With the data available, it was difficult to know just how much of the Web site traffic was simply browsing. It is also possible that users could be clicking on the same symptom multiple times for the same problem. We did not have the ability to identify either of these types of symptom checker use. However, the nonrandom correlation of the symptom-driven Web traffic with the telephonic symptoms suggested that much of the Internet use of the symptom checker was purposefully directed.
Future studies should compare the outcomes of users of Internet symptom checkers to telephone triage callers. We know that adults with abdominal pain who called the Ask Mayo Clinic triage call center were hospitalized at a rate of 13% within 72 h of the call, a significantly higher rate of hospitalization than following regular office visits. 16 Unfortunately, we do not have similar hospitalization data or other outcomes for comparison with the Internet users. Without this information it will be difficult to know how to customize tried and tested telephone triage algorithms for use on the Internet. For example, if Internet users with abdominal pain had a rate of hospitalization far different from telephone callers, then a time-tested telephone triage abdominal pain algorithm may not meet the needs of Internet users and would require major modification.
Our study suggests that users of online symptom assessment tools have a clear preference for assessing adult symptoms compared with symptoms of children. Healthcare organizations desiring to set up a symptom assessment Web site to shift some of their telephonic triage calls to a potentially less costly Web-based assessment may want to focus on their adult patients first. Viewed overall, symptom assessments by Internet and by telephone are similar enough to be significantly correlated. However, viewed on a symptom-by-symptom basis, there are important differences. These differences are confirmed by odds ratios, suggesting that Internet users are more likely looking for chronic disease assessment, whereas telephone callers are more interested in acute symptoms.

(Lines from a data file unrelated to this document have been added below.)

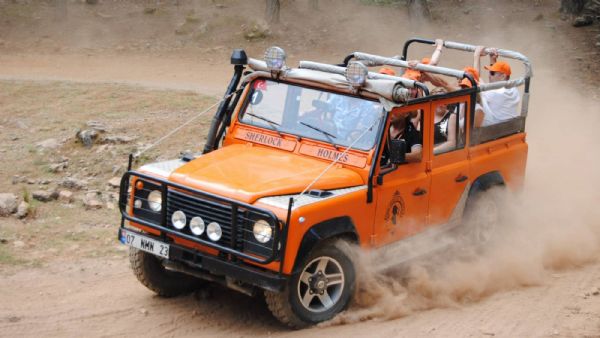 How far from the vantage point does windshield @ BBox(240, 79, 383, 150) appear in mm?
7664

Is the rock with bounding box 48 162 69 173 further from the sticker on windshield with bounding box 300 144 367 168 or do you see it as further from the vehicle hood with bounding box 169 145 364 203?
the sticker on windshield with bounding box 300 144 367 168

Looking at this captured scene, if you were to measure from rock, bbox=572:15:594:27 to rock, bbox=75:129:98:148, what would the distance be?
13491 mm

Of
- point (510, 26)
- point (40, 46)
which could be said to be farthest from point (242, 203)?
point (510, 26)

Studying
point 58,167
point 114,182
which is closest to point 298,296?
point 114,182

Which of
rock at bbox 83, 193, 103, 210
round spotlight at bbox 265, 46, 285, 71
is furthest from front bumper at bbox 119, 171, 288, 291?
rock at bbox 83, 193, 103, 210

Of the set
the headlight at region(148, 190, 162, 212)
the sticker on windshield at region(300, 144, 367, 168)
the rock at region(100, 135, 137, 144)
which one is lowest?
the rock at region(100, 135, 137, 144)

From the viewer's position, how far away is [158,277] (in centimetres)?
782

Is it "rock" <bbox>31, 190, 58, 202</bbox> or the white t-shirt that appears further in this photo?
"rock" <bbox>31, 190, 58, 202</bbox>

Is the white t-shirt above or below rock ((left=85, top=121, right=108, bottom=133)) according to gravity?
above

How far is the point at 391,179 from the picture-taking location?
7656mm

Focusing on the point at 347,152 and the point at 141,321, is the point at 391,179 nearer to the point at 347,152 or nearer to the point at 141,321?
the point at 347,152

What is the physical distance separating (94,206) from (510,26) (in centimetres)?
1542

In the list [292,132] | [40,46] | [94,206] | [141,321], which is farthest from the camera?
[40,46]

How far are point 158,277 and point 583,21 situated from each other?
55.3 feet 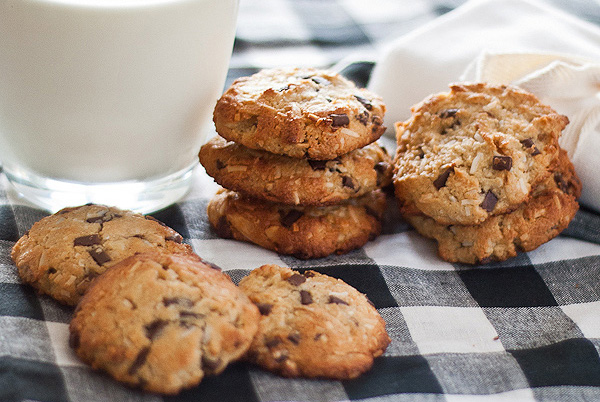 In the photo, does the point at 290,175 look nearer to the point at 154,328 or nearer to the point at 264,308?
the point at 264,308

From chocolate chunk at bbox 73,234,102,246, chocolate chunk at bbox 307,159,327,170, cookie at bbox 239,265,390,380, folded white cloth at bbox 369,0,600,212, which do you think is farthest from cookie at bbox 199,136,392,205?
folded white cloth at bbox 369,0,600,212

There is a plethora of knowledge about symptom assessment by telephone, but information about Internet symptom assessment is limited. Although our study shows some similarity between the use of telephone triage and a Web-based symptom checker, important differences exist. On the basis of our results, practices wishing to expand telemedicine symptom assessment from telephone to the Internet may want to focus on adult symptoms first. The finding of high Internet interest in certain conditions such as leg pain and abdominal pain should be helpful for those interested in building Web-based symptom assessments. Our study shows enough similarities between the use of Internet symptom assessment and telephone triage to suggest that some of the current knowledge of telephone triage may be transferable to Web-based symptom assessment. However, additional research is needed to determine whether tried and tested telephone triage algorithms can meet the needs of Internet users.
Footnotes
Disclosure Statement
No competing financial interests exist.